Statistics (April 2025 - March 2026)
- Passengers: 15,38,175 (▲9%)
- Aircraft movements: 11,249 (▲13.1%)
- Cargo tonnage: 5,796.5 (▲5.6%)
- Source: AAI

= Maharaja Bir Bikram Airport =

International airport serving Agartala, Tripura, India

Maharaja Bir Bikram Airport ; (/bn/), also known as Agartala Airport, is an international airport situated 12 kilometres (7 miles) northwest of Agartala, the capital of Tripura. It is administered by the Airports Authority of India (AAI). It is the second busiest airport in North-East India after Lokpriya Gopinath Bordoloi Airport in Guwahati and 29th busiest airport in India. It is the third international airport in North-East India, after Lokpriya Gopinath Bordoloi Airport and Imphal Airport.

The current integrated terminal of the airport has 20 check-in counters, six parking bays, four aerobridges, conveyor belts and passenger-friendly modern facilities and amenities like In-Line Baggage System (ILBS), Escalators, Lifts, etc. In addition to the new terminal building, a new parallel taxiway to the runway and two new hangars are being built. Another terminal, along with the runway, will be built as an extension of the airport across the border with Bangladesh. This new terminal will serve Bangladeshis accessing the airport without having to enter Indian territory. This arrangement is worked out as similar to the Cross Border Xpress terminal of Tijuana International Airport in Mexico, which is located along the United States–Mexico border.

==History==

The airport was designed and built in 1942 by the then Maharaja of Tripura, Bir Bikram Kishore Manikya Bahadur Debbarman. It had one primary runway, 05/23, which is now used as a taxiway to Runway 18/36.

During World War II, the airport was used by the RAF nos.31 and 194 Squadrons in February/March 1943 as a supply base for the Chindit operations behind enemy lines in Burma. These Squadrons returned in February 1944 to provide support to the second Chindit operation. Later the 4th Combat Cargo Group (4th CCG) of the United States Army Air Forces Tenth Air Force, flying Curtiss C-46 Commando transport aircraft over Burma. The 4th CCG operated from the airport during December 1944 and January 1945, after which it moved to Chittagong.

The airport experienced international operations when Indian Airlines flew to Dhaka-Tejgaon Airport and Jessore in East Pakistan/Bangladesh from Agartala.

===Development and expansion===

Airports Authority of India (AAI) decided to upgrade the airport to international standards, which will be the third international airport in North-East region after Imphal. The AAI has undertaken ₹438 crore (US$61 million) project to upgrade the airport to provide world-class facilities.

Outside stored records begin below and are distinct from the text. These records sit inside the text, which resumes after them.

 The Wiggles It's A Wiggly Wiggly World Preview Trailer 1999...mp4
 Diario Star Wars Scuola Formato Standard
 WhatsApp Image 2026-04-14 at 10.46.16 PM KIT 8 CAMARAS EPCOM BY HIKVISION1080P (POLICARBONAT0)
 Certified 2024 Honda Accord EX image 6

The State Government has already provided 72 acres (29 ha) land to AAI to build a new terminal building, runway and other necessary infrastructure. The upgrade is expected to be completed by 2025, out of which the new terminal is completed, and it was inaugurated by Prime Minister Narendra Modi on 4 January 2022. After becoming operational, flights from Agartala to Chittagong and likely to Singapore will be operated.

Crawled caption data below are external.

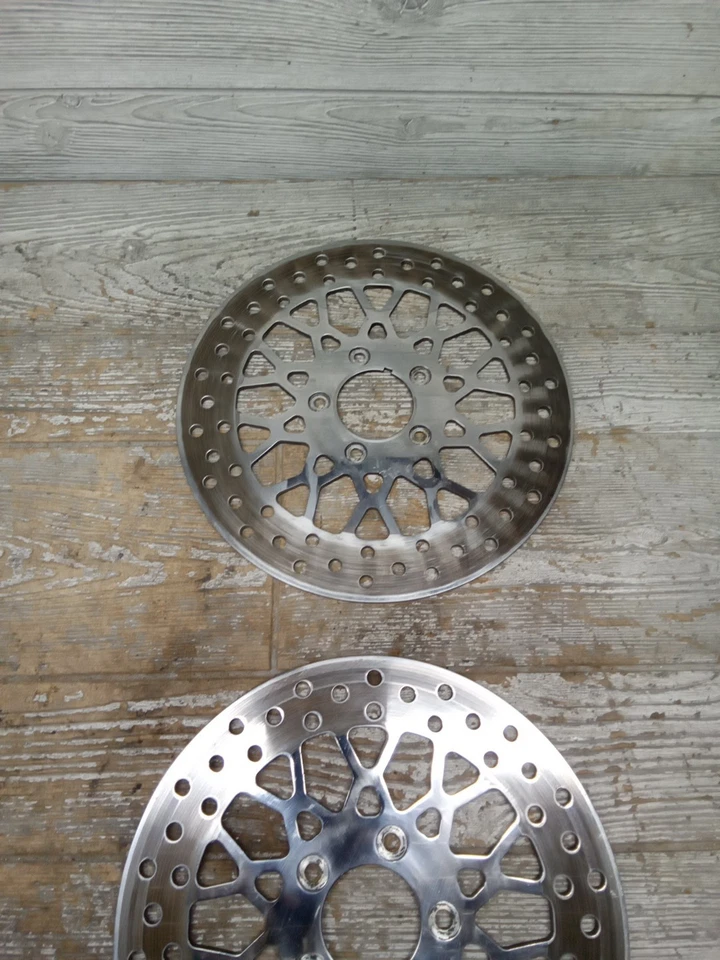 Harley Davidson Tour Glide 1987 87 pinza de freno delantera izquierda derecha DL-687 Foto 3 de 4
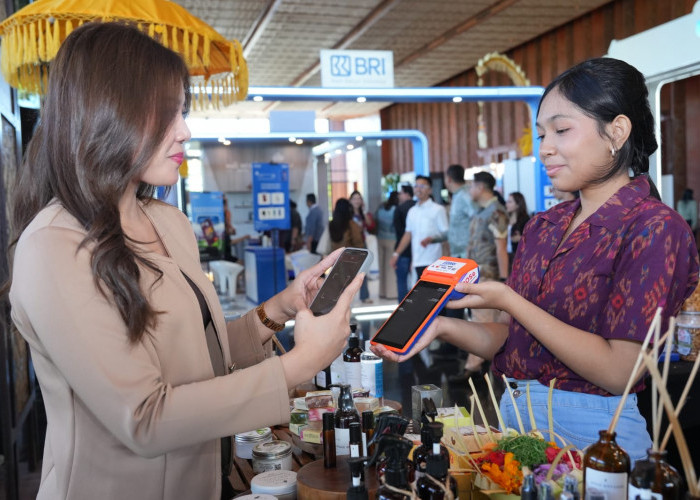 Nikmati Keuntungan Super Lengkap, BRI Tebar Promo Eksklusif & Hadiah Menarik di Bali Wellness and Beauty Expo 
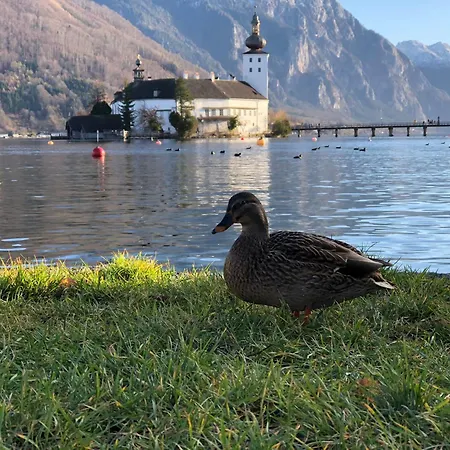 Seepanorama An Der Esplanade 1 Gmunden Exterior photo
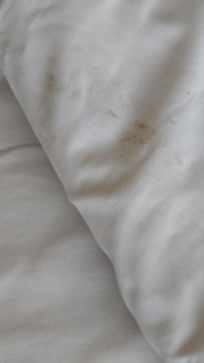 Dirty linen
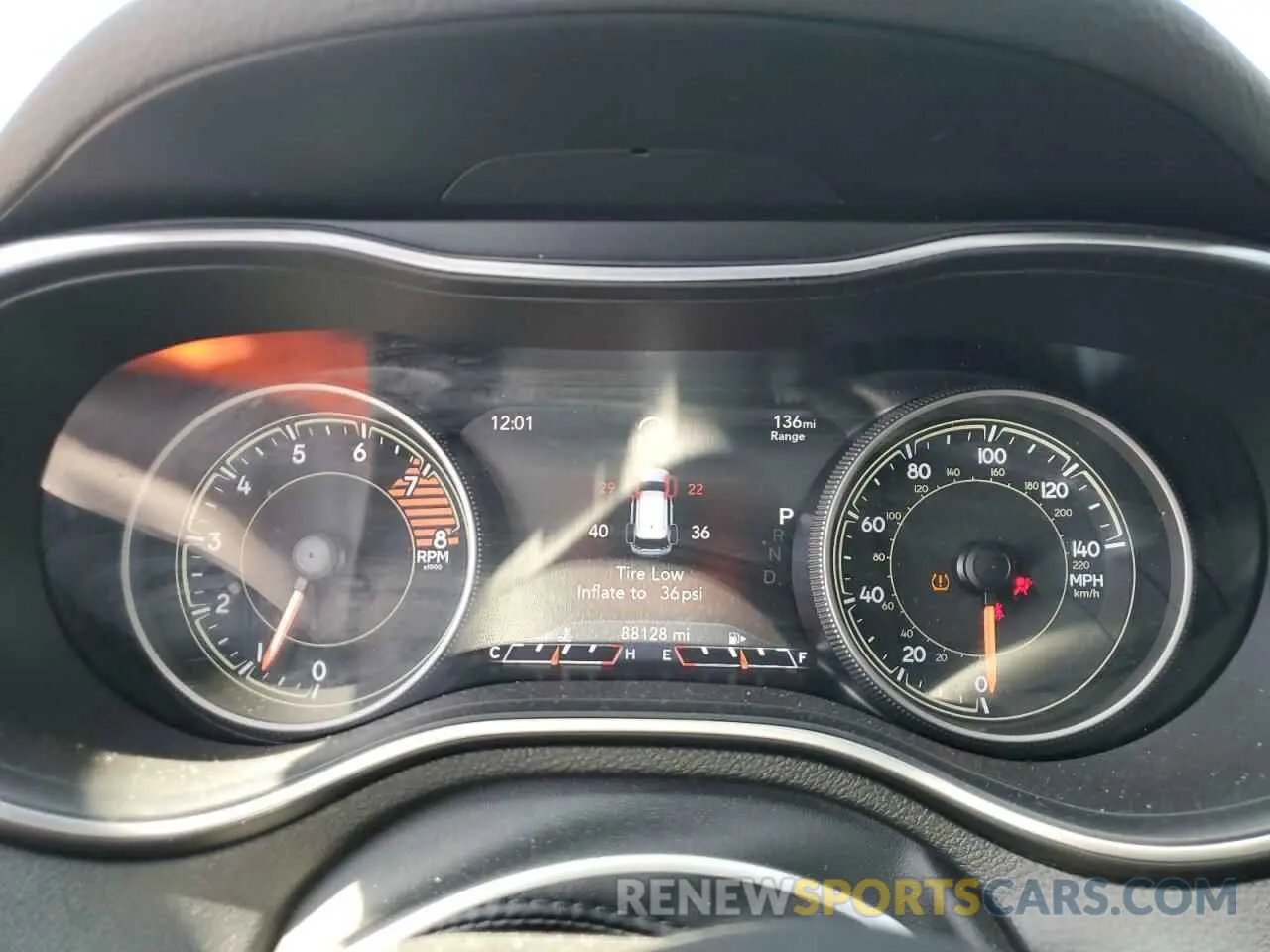 9 fotografías del automóvil dañado 1C4PJMBX2KD341540 JEEP CHEROKEE 2019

===Proposal of Bangladesh expansion ===
The Indian government has suggested leasing some land from Bangladesh in order to install perimeter fences and landing lights. The airport is often used by Bangladeshi travellers and if further utilised by Bangladesh, may be able to help relieve the heavy passenger and cargo traffic at Dhaka Airport. The Bangladeshi government is considering the matter; Bangladeshi FM Shahidul Haque compared the proposal to that of Geneva Airport, which is accessible from Switzerland and France. Ministers within Bangladesh's ruling Awami League suggested the only way such a proposal would be politically acceptable to Bangladesh is if a joint venture was proposed.

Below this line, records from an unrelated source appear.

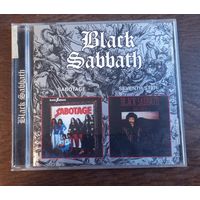 Black Sabbath - Sabotage / Seventh Star
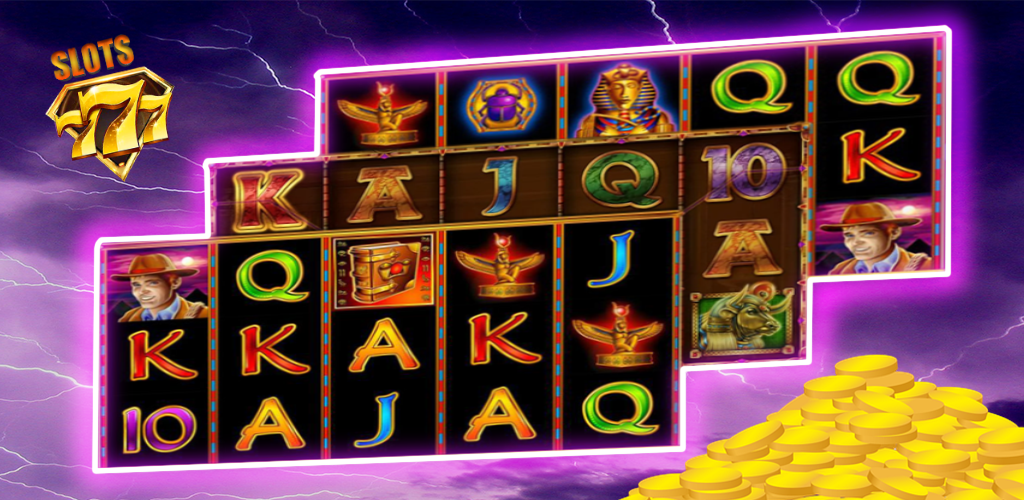 777 Slots : Pagcor Casino Screenshot1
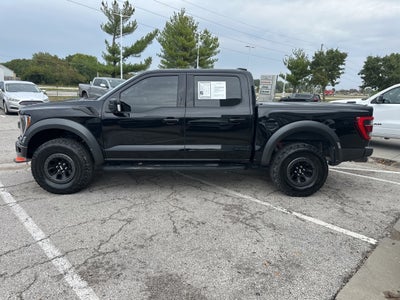 2022 Ford F-150 Raptor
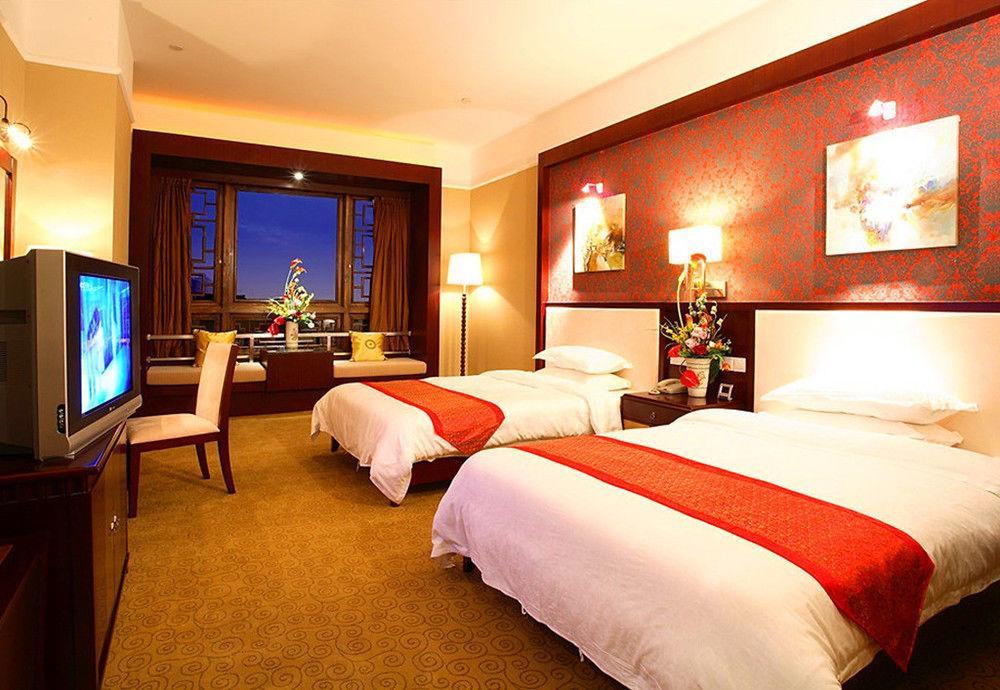 Hongyadong Hotel Chongqing Exterior foto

==Airlines and destinations==

| Airlines | Destinations |
|---|---|
| Air India Express | Kolkata, Siliguri |
| Akasa Air | Bengaluru, Guwahati |
| IndiGo | Bengaluru, Delhi, Dibrugarh, Guwahati, Imphal, Kolkata, Silchar |

==Accidents and incidents==
- 7 June 1970: A Fokker F27 of Indian Airlines flying with 34 passengers and 4 crew members overran the runway at Agartala after it touched down at a higher than normal speed 2,775 feet from the threshold; however, none of the passengers or crew members died. The aeroplane was later written off.